Note: If MBAM encounters a file that is difficult to remove, you will be presented with 1 of 2 prompts. Click OK to either and let MBAM proceed with the disinfection process. If asked to restart the computer, please do so immediately. Failure to reboot will prevent MBAM from removing all the malware.

Step 5

• Download OTL to your desktop.
  right click on the link and select 'Save Link/Target As'.
  
  if you have problems, try this download link:
  OTL
• Double click on the icon to run it. Make sure all other windows are closed and to let it run uninterrupted.
• When the window appears, underneath Output at the top change it to Minimal Output.
• Check the boxes beside LOP Check and Purity Check

.

.

• 
  Now copy the lines in bold below.
  
  netsvcs
  msconfig
  %SYSTEMDRIVE%\*.exe
  /md5start
  eventlog.dll
  scecli.dll
  netlogon.dll
  cngaudit.dll
  sceclt.dll
  ntelogon.dll
  logevent.dll
  iaStor.sys
  nvstor.sys
  atapi.sys
  IdeChnDr.sys
  viasraid.sys
  AGP440.sys
  vaxscsi.sys
  nvatabus.sys
  viamraid.sys
  nvata.sys
  nvgts.sys
  iastorv.sys
  ViPrt.sys
  eNetHook.dll
  ahcix86.sys
  KR10N.sys
  nvstor32.sys
  ahcix86s.sys
  nvrd32.sys
  symmpi.sys
  adp3132.sys
  /md5stop
  %systemroot%\*. /mp /s
  %systemroot%\system32\*.dll /lockedfiles
  %systemroot%\Tasks\*.job /lockedfiles
  %systemroot%\system32\drivers\*.sys /lockedfiles
  CREATERESTOREPOINT
  
  
• right click in the Custom Scans/Fixes window (under the blue bar) and choose Paste.
  
  
  .
• Click the Run Scan button.
  
  
  
• Do not change any settings unless otherwise told to do so. The scan wont take long.
• When the scan completes, it will open two notepad windows. OTL.Txt and Extras.Txt. These are saved in the same location as OTL.
• Please copy (Edit->Select All, Edit->Copy) the contents of these files, one at a time, and post them with your next reply.

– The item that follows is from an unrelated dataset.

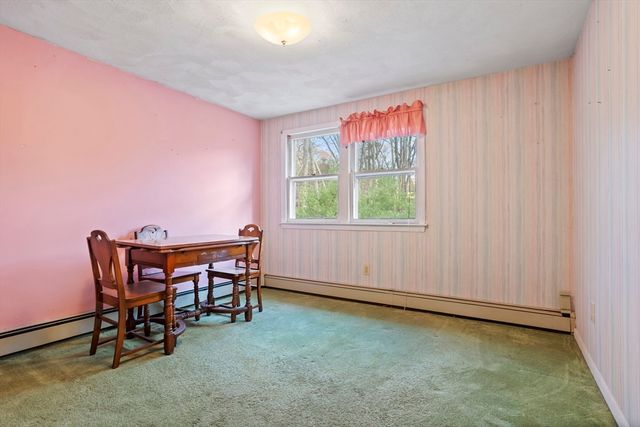 23 Bentley Ln, Chelmsford, MA 01824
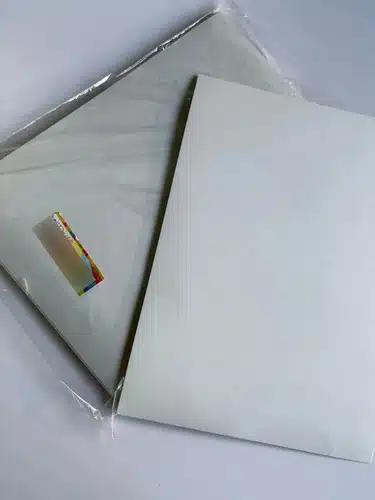 Papel Cartulina Encapado 220 Grs. A4 Pack X 100 Unidades Blanco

In your next reply, please submit:
MBAM scan report
Both reports from OTL


Thanks.

 

Hi Brunomac,

I thought it may be beneficial to reset the 'Windows registry Shell value'.
I've added this as step 1 .... if you haven't started the procedure that's fine just go through each step in turn.
If you have started, add the new step 1 as soon as you can.

Thanks.

 

Hi Brunomac,

Thanks for the reply.
Ok, no problem at all.
I'll be away this weekend but will still check in occasionally to check any replies.

The soon we get started, the better.